New revelations from the Angel who started it all
Hot drinks, wine, meat in summer and not having babies now OK!
Angel Macaroni reveals typos in original gold tablets
In 1823 Joseph Smith had a heavenly visitation, in which an angel named Moroni told him of a sacred history written by ancient Hebrews in America, engraved in a strange Egyptian dialect on tablets of gold and buried in a nearby hill.
However, it wasn’t until the most recent discovery of a new tablet that certain Mormon beliefs were found to be “slightly incorrect.”
The 18-year-old Smith was originally told it was the history of the ancient peoples of America, and that he himself would be the instrument for bringing this record to the knowledge of the world. Young Joseph finally obtained these gold plates from the angel in 1827, and translated them into English by the spirit of God and the use of a sacred instrument accompanying the plates called the uma thurman (sacred contact lenses).
Here’s how it came to pass, according to one of Smith’s close companions.
“As a consequence of the early brethren smoking Cuban cigars, drinking cheap wine in the hot springs while noshing on greasy chicken wings and overcooked brats, it was found that said brethren tended to get way rowdy and caused their wives much misery in cleaning up the next day, not to mention that the brethren were rendered completely useless in their husbandly duties. Thus the Prophet was led to ponder upon the matter; consequently he inquired of the Angel Macaroni (nephew of the Angel Moroni, who was on leave of absence) concerning it. Macaroni dutifully prepared new gold tablets and impishly hid them in the usual spots. Unfortunately, when the tablet info was transcribed by one of Smith’s increasingly annoyed wives, it is believed that she made certain slight editorial ‘judgments’ and redactions that significantly changed the Angel’s intentions.”
The new, correctly translated gold tablets indicate that Moroni had never intended to outlaw wine since it was a staple of Jesus’ time — indeed of both Christian and Jewish worship.
As for “hot drinks,” Macaroni noted, “This is just plain silly. Why would we outlaw soup? And what about hot chocolate? Who in their right mind would forbid that?”
Mistaken texts forbidding the eating of meat except in summer, when it’s cold out, and in times of famine “should have been caught right from the get-go,” Macaroni pointed out. “Isn’t that sort of the point of a famine…that there’s no meat? I mean, cometh on, people! Getteth thou a clue.”

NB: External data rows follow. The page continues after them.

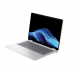 HP OmniBook 5 Flip 14-fp0016nx | Core 3 100U | Touch
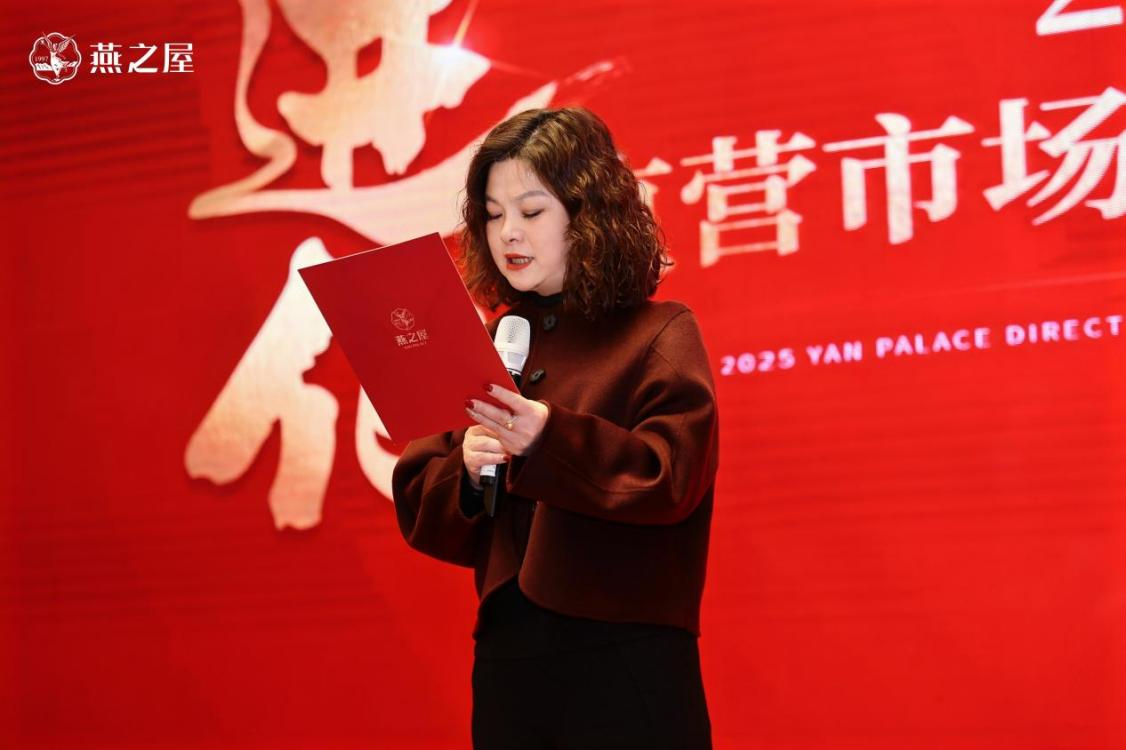 WG����(�й���)-�ٷ���վ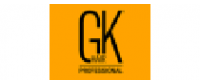 Кэшбэк в GK Hair US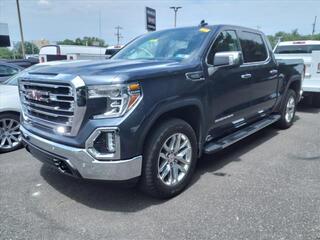 2021 Gmc Sierra 1500 for sale in Fairless Hills PA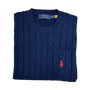Ralph Lauren Knit T-shirt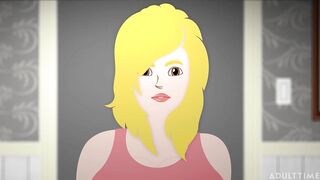 2024-12-29-249346-impatient-patient-249346-720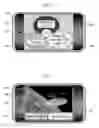 Fig. 08 - ENHANCED VIEWER-DIRECTED MOTION PICTURE SCREENING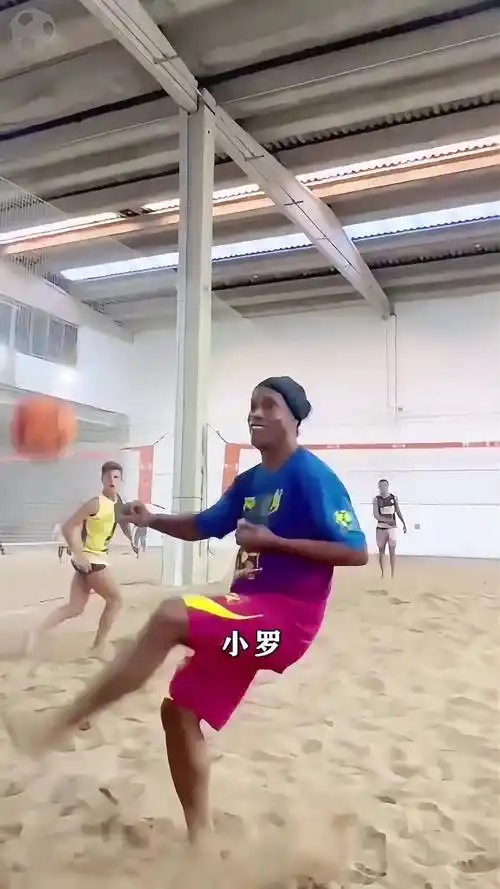 体现在赛事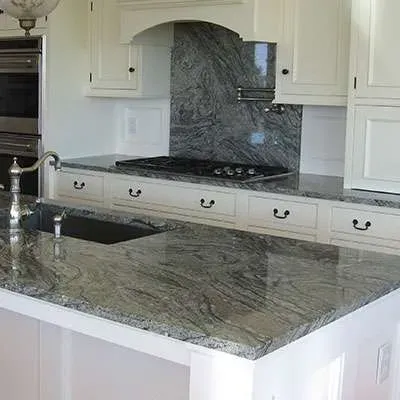 work photo from specializedfloorcare.com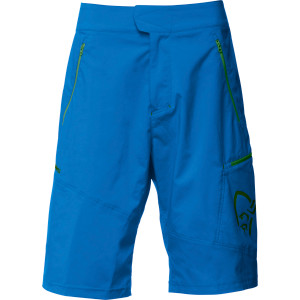 /29 flex1 Short - Men's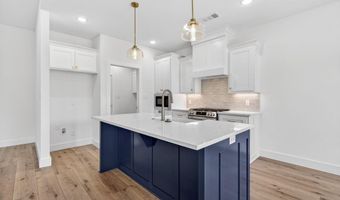 1310 Big Oak Dr, Alma, AR 72921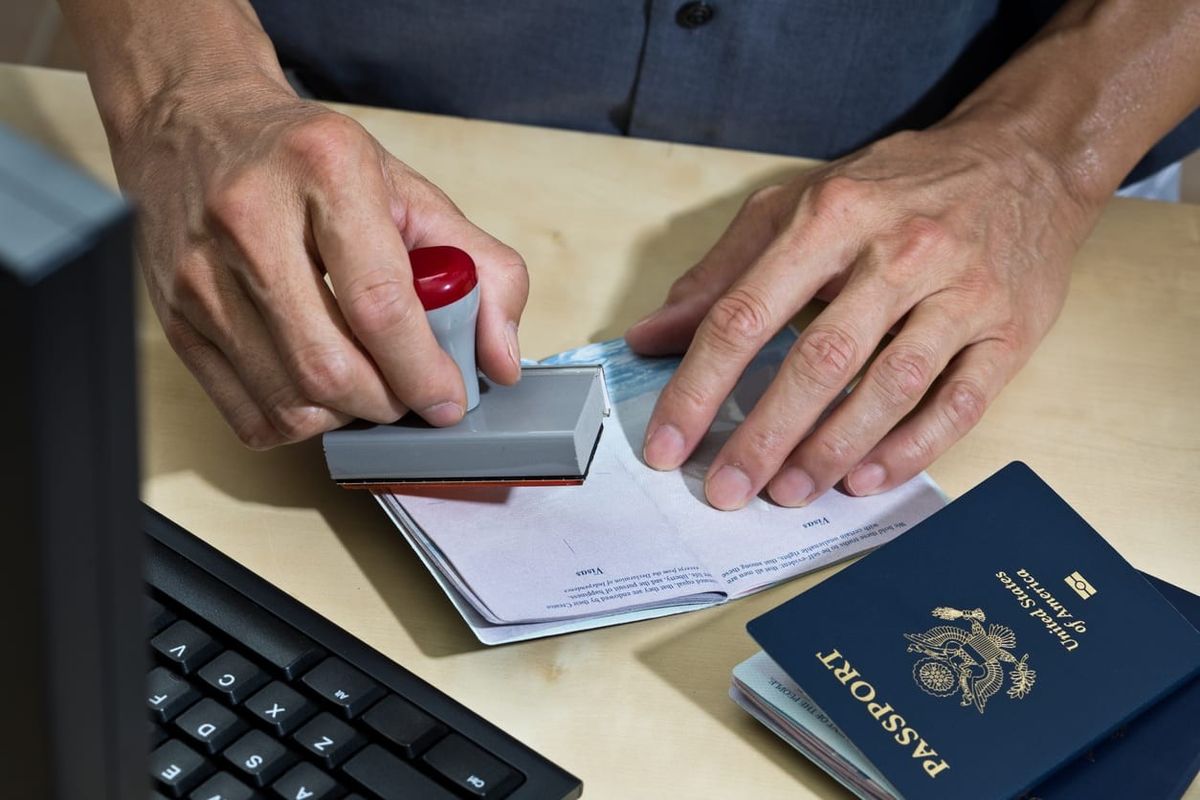 New H-1B legislation in the US could benefit Indian students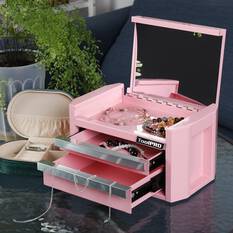 ToolPRO Magentic Mirror, , scanz_hi-res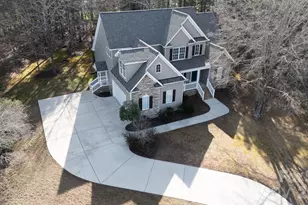 2656 Stonetrace Dr, Rock Hill, SC 29730 - Photo 3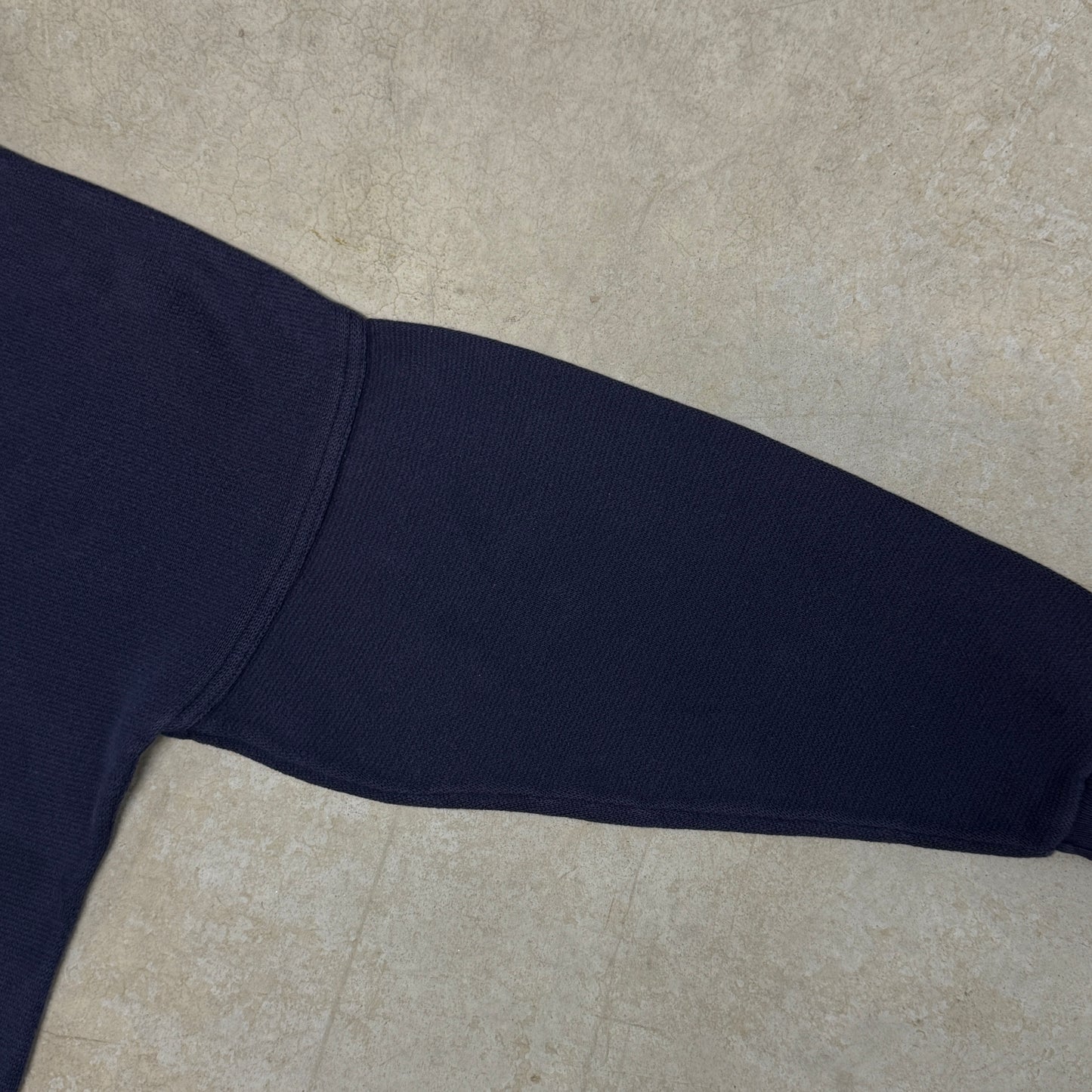 (L) 1992 Toronto Blue Jays World Series Champions Sweater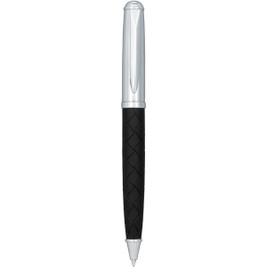 Luxe 107216 - Fidelio ballpoint pen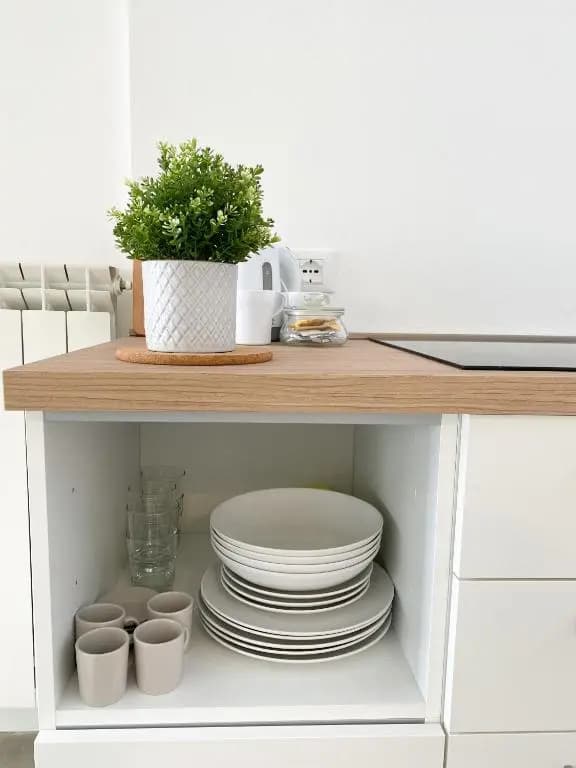 Easy Milano Apartment Navigli - photo 2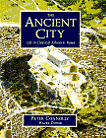 Click to order The Ancient City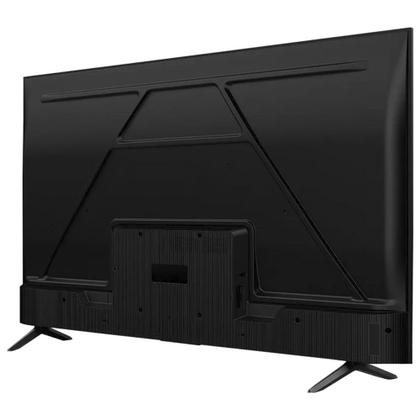 Imagem de Smart TV Semp LED 55 Polegadas 4K UHD Google TV 55S61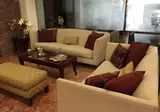 St. Isidro Corporate Housing foto 23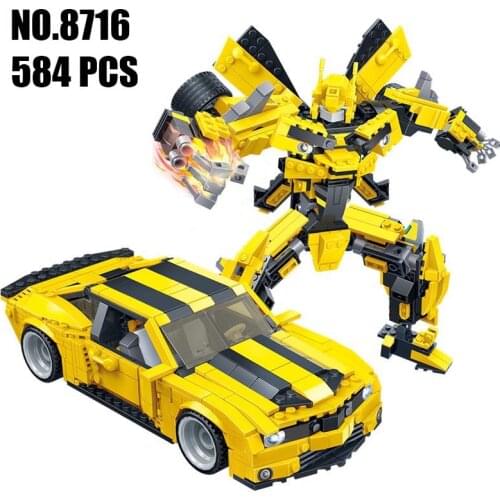 Блочные конструкторы MINI AUTO China At AliExpress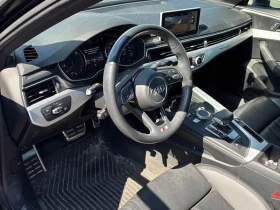 Audi A4 * Progressiv * CARFAX * БЕЗ ПЪРВОНАЧАЛНА ВНОСКА - 36300 лв. / 18559.90 € - 70260102 5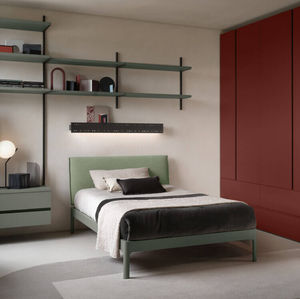 cama individual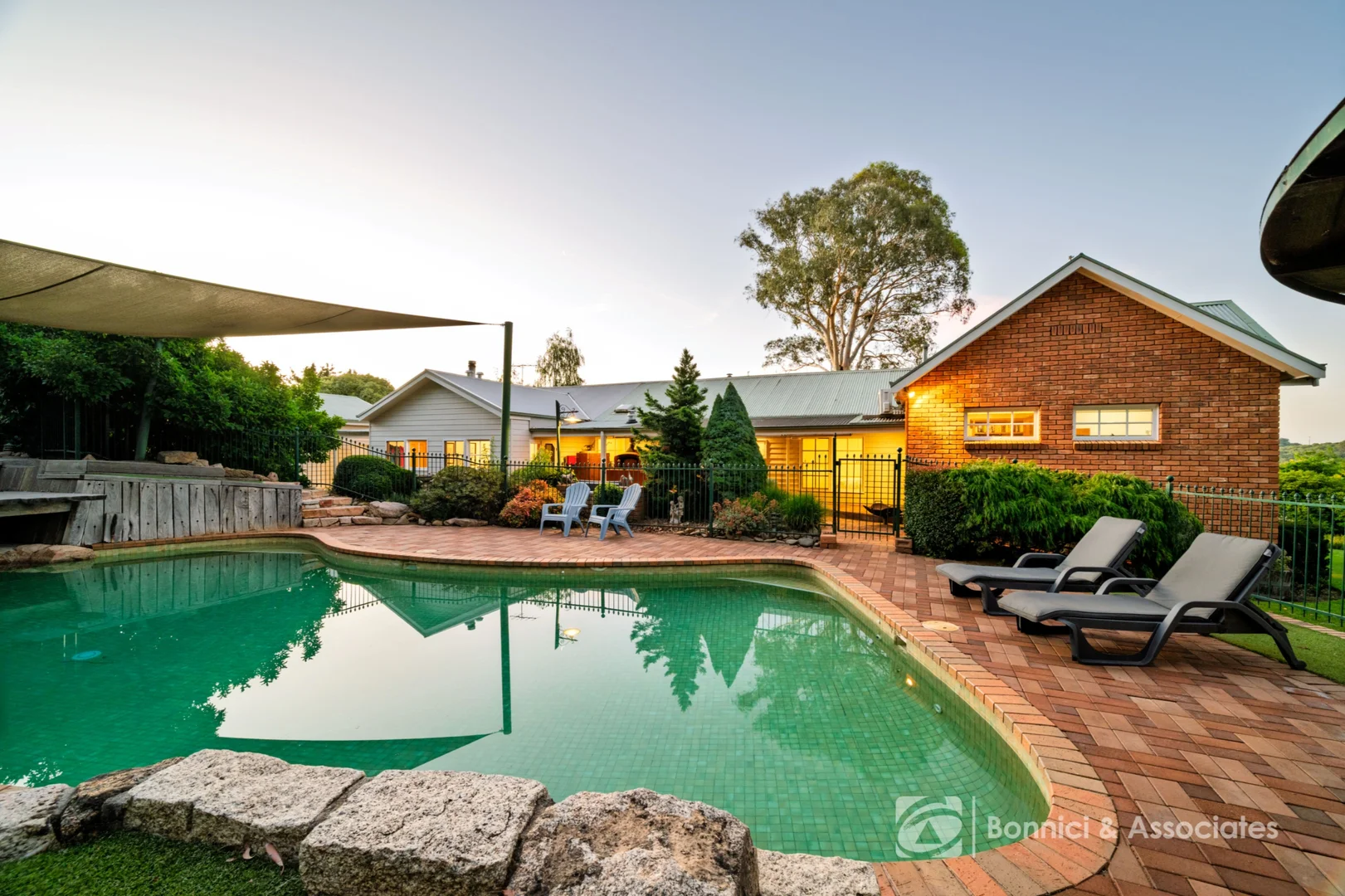 Additional image 21 of 340 Stanley Road, Beechworth VIC 3747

The new translation also indicates that mindlessly populating the world was “a big mistake, in retrospect.”
Here is the original, “mistranslated” text, verbatim from Doctrine & Covenants.
89: 7 And, again, strong drinks are not for the belly, but for the washing of your bodies.
89: 9 And again, hot drinks are not for the body or belly.
However, more careful renderings of the wine prohibition show that Smith actually allowed wine drinking with certain restrictions.
89: 5 That inasmuch as any man drinketh wine or strong drink among you, behold it is not good, neither meet in the sight of your Father, only in assembling yourselves together to offer up your sacraments before him.
89: 6 And, behold, this should be wine, yea, pure wine of the grape of the vine, of your own make.
(Revelation given through Joseph Smith the Prophet, at the Youngstown (Ohio) Mall February 27, 1833. HC 1: 327–329.}
“Many of thou think that ‘wine’ refereth to unfermented grape juice, but I say unto thee, if the Lord had meant simple grape juice, he wouldth have had Nephi say ‘grape juice.’ Nay, it did come to pass in 600 BC that the tribe of Lehi did drink of fermented beverages, sometimes a nice IPA beer, but generally a hearty red wine (no Merlot!), and only in moderation and thus also did Laman, Lemuel and Sam—though not always in such moderation for Laman, we art sorry to report. And yea six hundred years passed as the Son of Mary did enjoy the traditional four cups of wine — not grape juice! — as they did take their Passover Seder. And Yeshua did convert water to wine — not grape juice! — at Cana as well.”